Mitten in der Innenstadt will sich das Marien-Krankenhaus erweitern. Das wurde im Bauausschuss berichtet. Es sind ein Erweiterungsbau und ein Ärztehaus geplant. Die Kosten betragen bis zu 17,5 Millionen Euro. Der Anbau schlägt mit 12,5 Millionen Euro zu Buche. Einen entsprechenden Förderantrag ans Land hat das Marien-Krankenhaus bereits vor einem Jahr gestellt. Das Ärztehaus kostet schätzungsweise vier bis fünf Millionen Euro. Wann der Bau startet, ist noch unklar. Das hängt davon ab, ob und wann Landesgeld fließt.

„Unsere Geburtshilfe ist gut und kommt gut an“, sagt Volker Krüger, Geschäftsführer des MarienKrankenhauses. Die Zahl der Geburten ist von 1200 im Jahr 2011 auf jetzt 1600 (2015) gestiegen. Daher will sich das Marien-Krankenhaus erweitern. Die Pläne gibt es bereits seit sechs Jahren. Doch die bisherigen Entwürfe haben den Gestaltungsbeirat nie passiert. Jetzt hat das Marien-Krankenhaus einen Architekten-Wettbewerb ausgelobt – nun liegt das Ergebnis vor. Gewonnen hat das Hamburger Büro Meding-Plan und Partner. „Es ist ein sehr hübscher Entwurf“, freut sich Krüger. Die Bauverwaltung ist ebenfalls zufrieden. „Der Entwurf hat sich sehr feinfühlig mit den umliegenden Gebäuden auseinandergesetzt“, lobt Bausenator Franz-Peter Boden (SPD). „Er nimmt sich gegenüber dem Außenraum zurück“, beschreibt Chef-Stadtplaner Karsten Schröder die Architektur. Dadurch werde das Grundstück zwar kompakt bebaut, aber die neuen Gebäude wirken neben dem benachbarten Dom und der Herz-Jesu-Kirche nicht aufdringlich. Schröder: „Wir würden es begrüßen, wenn dieser Entwurf realisiert werden würde.“

Das Grundstück an der Parade gehört dem Erzbistum Hamburg, das Marien-Krankenhaus pachtet es. Darauf steht bereits das jetzige Krankenhaus. Es hat etwa 8500 Quadratmeter Bruttogeschossfläche. Hinzu kommt noch einmal die Hälfte der Fläche – etwa 4800 Quadratmeter. Angeordnet sind die Häuser des jetzigen Marienkrankenhauses in einer U-Form – mit der Öffnung Richtung Dom.
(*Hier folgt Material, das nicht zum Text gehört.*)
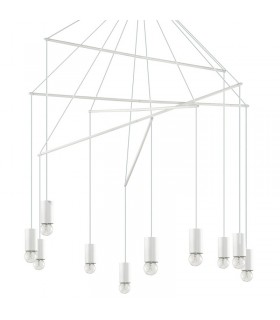 LAMPADA A SOSPENSIONE IDEAL LUX POP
Geplant ist der Bau von drei weiteren Gebäuden. Es ist vorgesehen, das jetzige Haus an der Parade zu verlängern. Dort soll es einen kleinen Übergang geben und dann einen langen Neubau. Der liegt etwas zurückgesetzt von der Straße, so dass der Blick auf den Dom offener wird und nicht verstellt ist. Daran schließt sich ein Quergebäude an mit der Front zum Dom, dahinter steht ein drittes Haus.

Alle Gebäude sind miteinander verbunden. Das jetzige Marien-Krankenhaus zählt vier Geschosse plus Dach. Auch die neuen Gebäude haben vier Geschosse und ein Satteldach ohne Fenster. Das quergestellte Haus in Richtung Dom zählt sogar nur drei Geschosse. Zudem ist die Dachkante bei den neuen Häusern ein wenig niedriger als bei den jetzigen Gebäuden.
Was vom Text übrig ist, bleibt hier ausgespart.